C’est à la même période où Legendary tente quelque chose d’intéressant avec sa sous-estimée Monarch : Legacy of Monsters, que le lézard géant le plus célèbre du monde fait son retour du côté de l’Asie, avec un film revenant aux bases pour servir un authentique, efficace et inspiré film du genre. Car après Shin Godzilla, le pays du Soleil Levant prouve une nouvelle fois que loin des produits désincarnés, souvent bêtes et pas très beaux produits aux USA, c’est toujours les japonais qui sont les meilleurs pour mettre en scène leur bestiole préférée. Même quand le programme est simple comme le plaisir de voir une grosse bestiole débarquer à l’écran.

Retour aux sources

Car Gojira (son véritable nom japonais) est toujours régulièrement malmené du côté américain. À part quand certains cas, comme le Godzilla de Gareth Edwards qui proposait en 2014 une aventure certes parfois simpliste et critiquable (le scénario, les personnages) mais qui avait du souffle et tentait vraiment des choses, se hissant au-dessus de la concurrence tels ses personnages lors de la célèbre scène du HALO jump. Mais depuis cette belle tentative, les films suivants retombaient dans la surenchère de divertissement décérébrés, ridicules, mal filmés, avec des effets spéciaux indignes et des personnages écrits à la truelle. Bien que jamais vraiment désagréables à regarder, c’était quand même pas glorieux, et ça continuait de prouver que le blockbuster américain mainstream a encore beaucoup de boulot pour parvenir à se renouveler. Pourtant, comme on le disait, une jolie lueur est apparue récemment sur Apple TV sous la forme sérielle avec Monarch : Legacy of Monsters. Car, contrairement à ce que pensaient ceux qui la critiquaient et qui semblaient n’avoir vu que le tout début, la série n’est pas un divertissement chiant et niais qui ne montrent que des êtres humains avec des problèmes pas très bien écrits plutôt que des gros monstres qui se mettent sur la figure. Il fallait laisser un peu de temps à la narration pour montrer une attention portée aux personnages plutôt touchante et un sens de l’intimiste qui manque dans ce genre de production (même si, une fois la série terminée, un manque de cohérence, d’impact et d’audace était à déplorer). Et, dans une sorte de continuité avec cette approche plus humaine, c’est dans vers un retour à une structure plus simple que le film de Takashi Yamazaki se tourne, pour faire de sa création un blockbuster sincère et incarné et avec une identité propre.
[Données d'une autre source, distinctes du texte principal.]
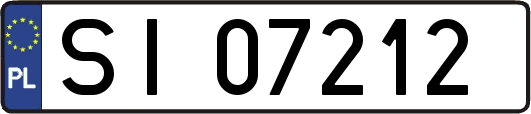 SI07212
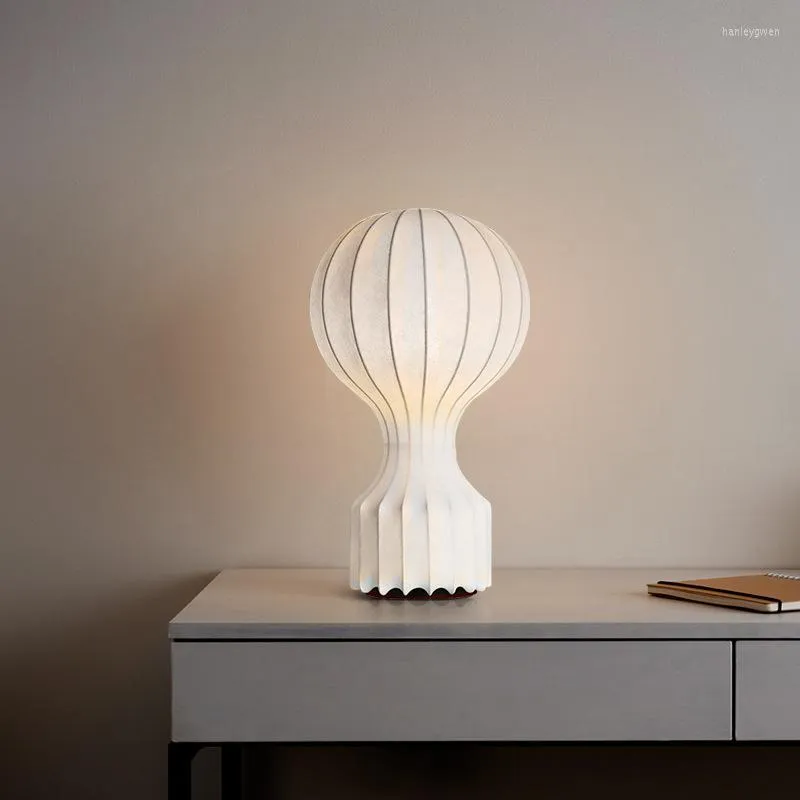 Vloerlampen goud industriële lamp loft modern boog ontwerp statief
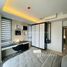 3 спален Квартира в аренду в Condo for Rent Picasso City Garden, Boeng Keng Kang Ti Muoy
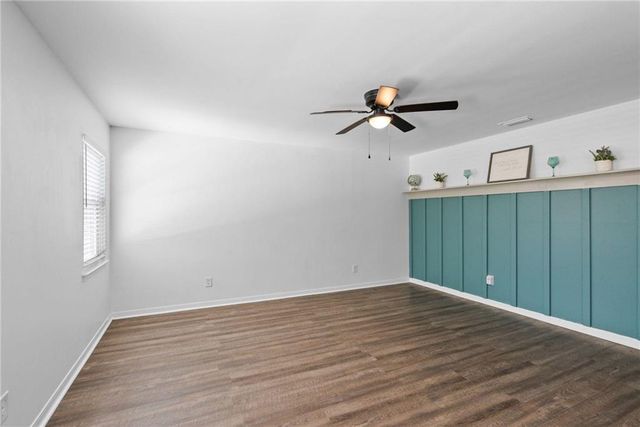 6058 Highland Woods Drive, Mobile, AL 36608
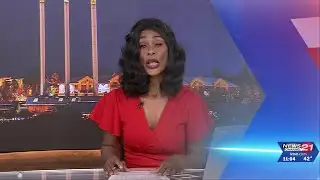 Climate Change Report for Oregonians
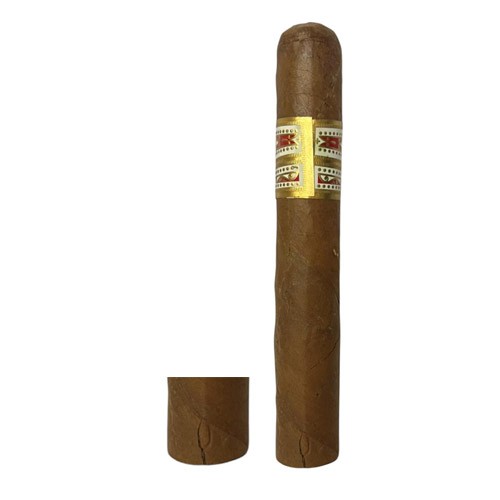 H. Upmann Connossieur A LCDH - Unidade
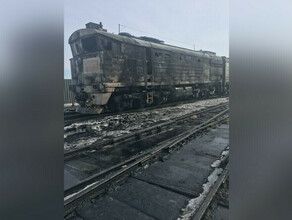 В Тынде виновный в гибели электрогазосварщика при взрыве тепловозного бака отделался условным сроком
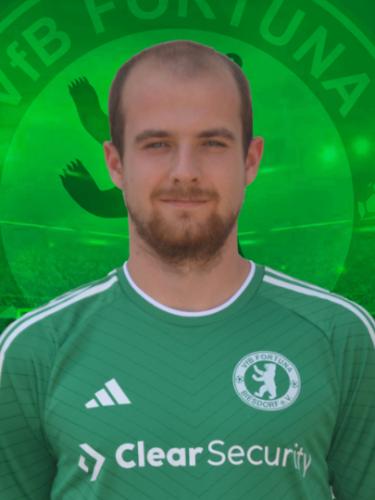 Moritz Künne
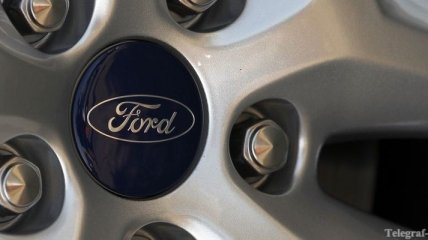 Ford начнет закрывать заводы из-за убытков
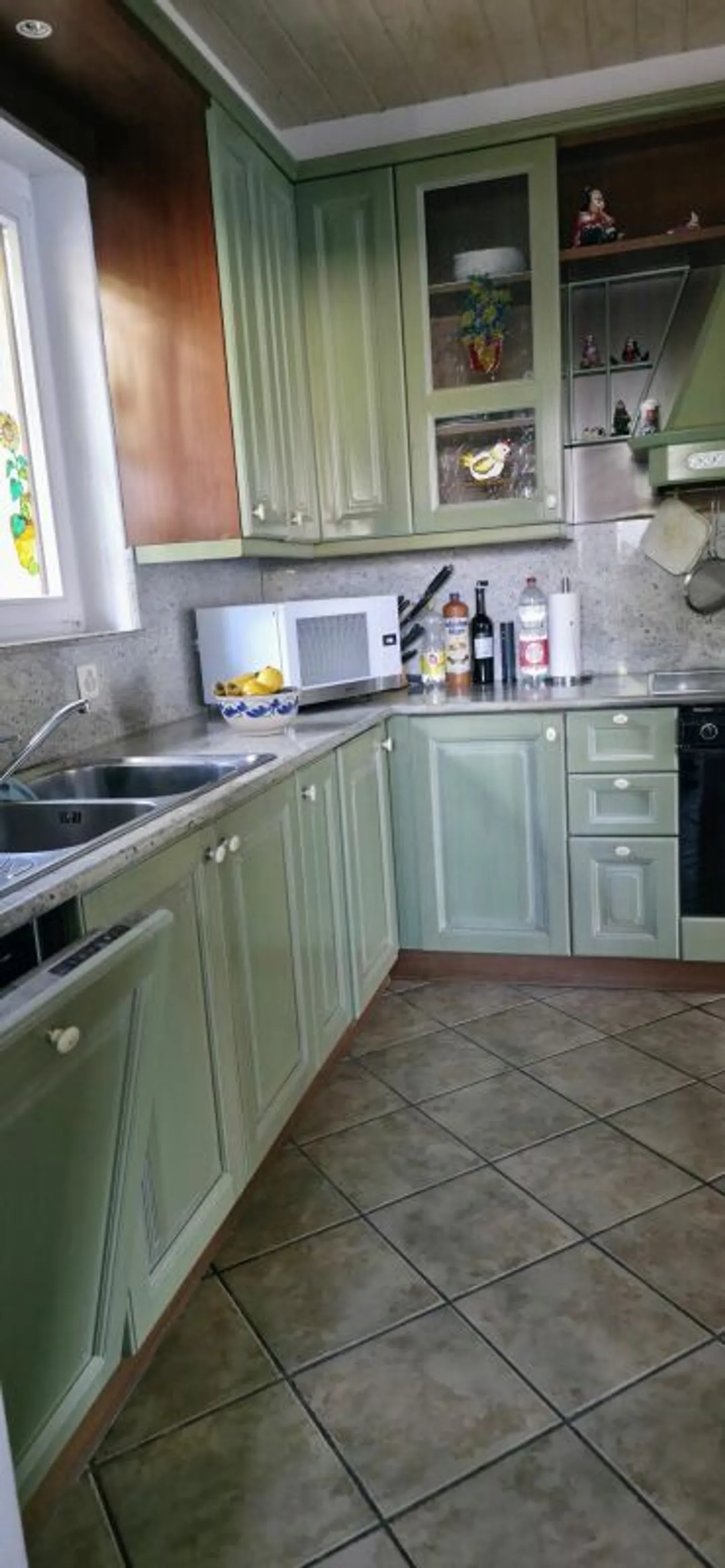 A panoramic view that will captivate you - Photo 12 of 13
Et tout emporter sur son passage, bien plus joliment que les produits ridicules pondus outre-Atlantique.

Simple, mais qui en veut

GODZILLA MINUS ONE est en effet structuré autour d’un canevas simple et déjà vu, celui du personnage traumatisé qui va essayer de se racheter. Mais on va vite comprendre que tout sera traité avec sérieux et application et ce, dès le début. Dans ses premières minutes, c’est ainsi que la première apparition de l’énorme bestiole sera montrée à hauteur d’hommes. Alors que Godzilla attaque la petite île sur laquelle a atterrit Koichi, le kamikaze déserteur et protagoniste principal, Yamazaki reste au niveau du sol et orchestre au moyen d’un formidable plan-séquence les dégâts de la créature dans un équilibre impeccable entre grand spectacle et ressenti humain. Accrochée notamment aux carcasses des avions (qui vont jouer un rôle majeur plus tard), sachant mettre en valeur ses effets visuels – pourtant particuliers- de sa créature, on comprend vite que l’entreprise s’efforce de nous faire ressentir d’une manière réaliste les dégâts de tels évènements sur l’Homme – loin devant les péripéties bébêtes (vous l’avez ?) de leurs homologues américains, là où rien n’a plus de poids ou de textures depuis plusieurs films. Ici, le réalisateur, évoluant notamment au milieu du film de guerre, prend le temps de se mettre aux côtés de son personnage principal et épouse un ton sérieux et un rythme assez lent lorsqu’on assiste à sa vie post-attaque inaugurale (étapes marquées par les fondus au noirs qui dessinent cette première partie de métrage). C’est du déjà-vu, sauf que tout est fait avec application et empathie. Jusqu’à ce que la créature revienne, et qu’il soit temps pour les Hommes de se préparer à l’affronter. Et au réalisateur et son équipe de montrer leurs ambitions et savoir-faire, et de souffler une bonne partie de la concurrence avec pourtant beaucoup moins de moyens.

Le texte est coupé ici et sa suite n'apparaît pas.